This is because, at least so far, AI lacks the kind of generalized intelligence that allows us to move from task to task, to think in the abstract, to apply background knowledge, to use common sense, and to understand cause and effect. For all the hype around “machine learning,” AI systems continue to be, at a fundamental level, programs that do what their creators tell them to do. The human mind, in other words, is exceptional and unlike anything the world of computing has yet produced, although AI technologies are becoming more powerful and capable day by day. 

How Christians should view and use AI was the topic of our Breakpoint Forum back in February. Abdu Murray, a seasoned cultural and religious commentator, offered a helpful theological framing of AI: 

[T]his is spoken of in the Bible essentially as that sort of, for lack of a better application to it, that original sin where we take our God-given purpose, and we try to one-up God. Adam and Eve‘s sin was that they didn’t want to be with God; they wanted to be God.
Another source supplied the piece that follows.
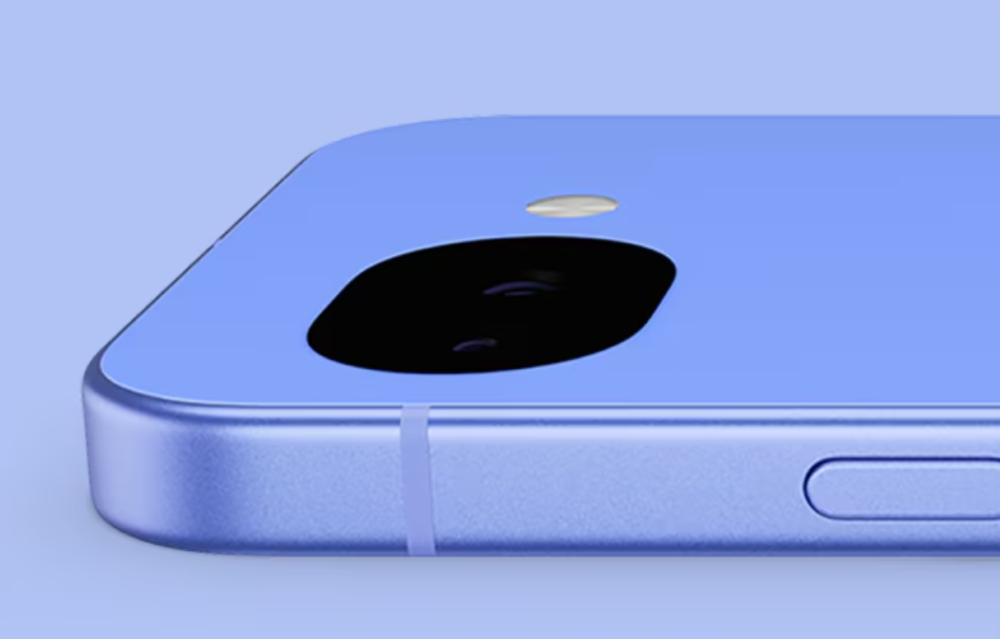 Pixel10a カメラバー フラット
And in our current digital Garden, what we’re finding is that in creating and then bragging about a computer system that outdoes us and then renders us, for lack of a better word, obsolete, we brag about it because we are one-upping God. We are becoming almost super transcendent over the Transcendent One. And why I say this is not to scare us, but to give us comfort because there’s ancient wisdom in a book for our modern issues, and if we see that, then maybe we can see a way forward. If we see a book that explains the human condition as it actually is, maybe there’s a way out of this digital Garden without imbibing too much of the fruit. 

In August, the Colson Center released a What Would You Say? video with three main takeaways about AI. First, it isn’t as smart as many think (and claim). Second, it doesn’t really create. It only imitates and extrapolates, although it’s impressive how it does even that. Finally, human intelligence is not like a computer. It is unique.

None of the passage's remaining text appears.